[Given data]

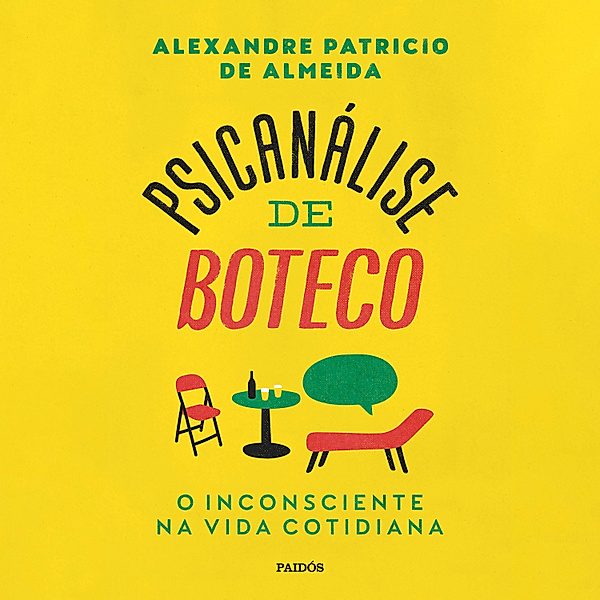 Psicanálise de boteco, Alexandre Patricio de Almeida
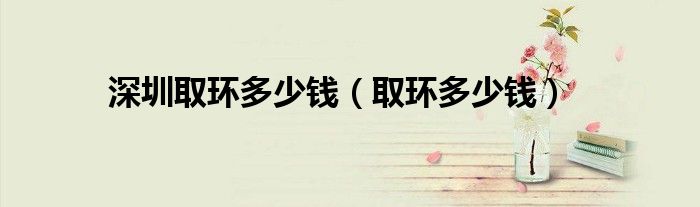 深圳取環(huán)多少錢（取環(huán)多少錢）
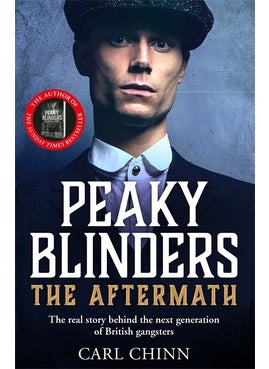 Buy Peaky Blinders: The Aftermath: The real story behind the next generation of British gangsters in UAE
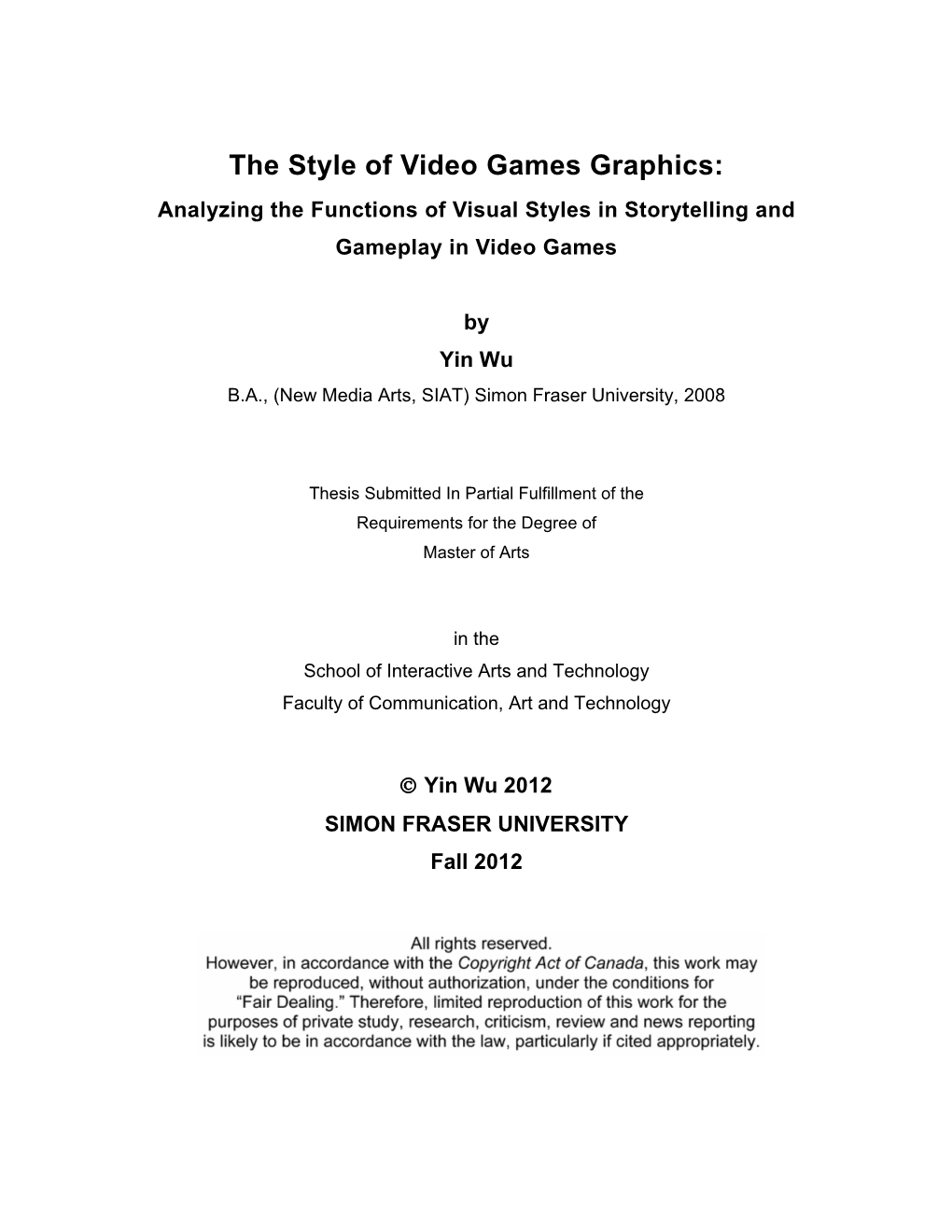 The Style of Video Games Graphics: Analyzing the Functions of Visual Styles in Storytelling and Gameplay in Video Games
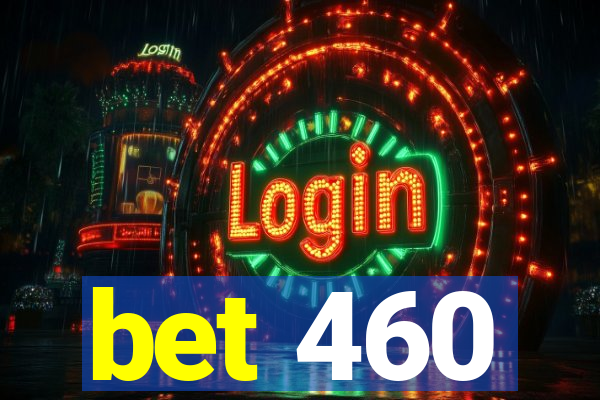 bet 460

[/Given data]

▶ _Work task_: Your reply should give again exactly the lines from the one with "深圳取環(huán)多少錢（取環(huán)多少錢）" through the last line of the data, with both ends included and pictures left out.

▶ _Response_:
 深圳取環(huán)多少錢（取環(huán)多少錢）
 Buy Peaky Blinders: The Aftermath: The real story behind the next generation of British gangsters in UAE
 The Style of Video Games Graphics: Analyzing the Functions of Visual Styles in Storytelling and Gameplay in Video Games
 bet 460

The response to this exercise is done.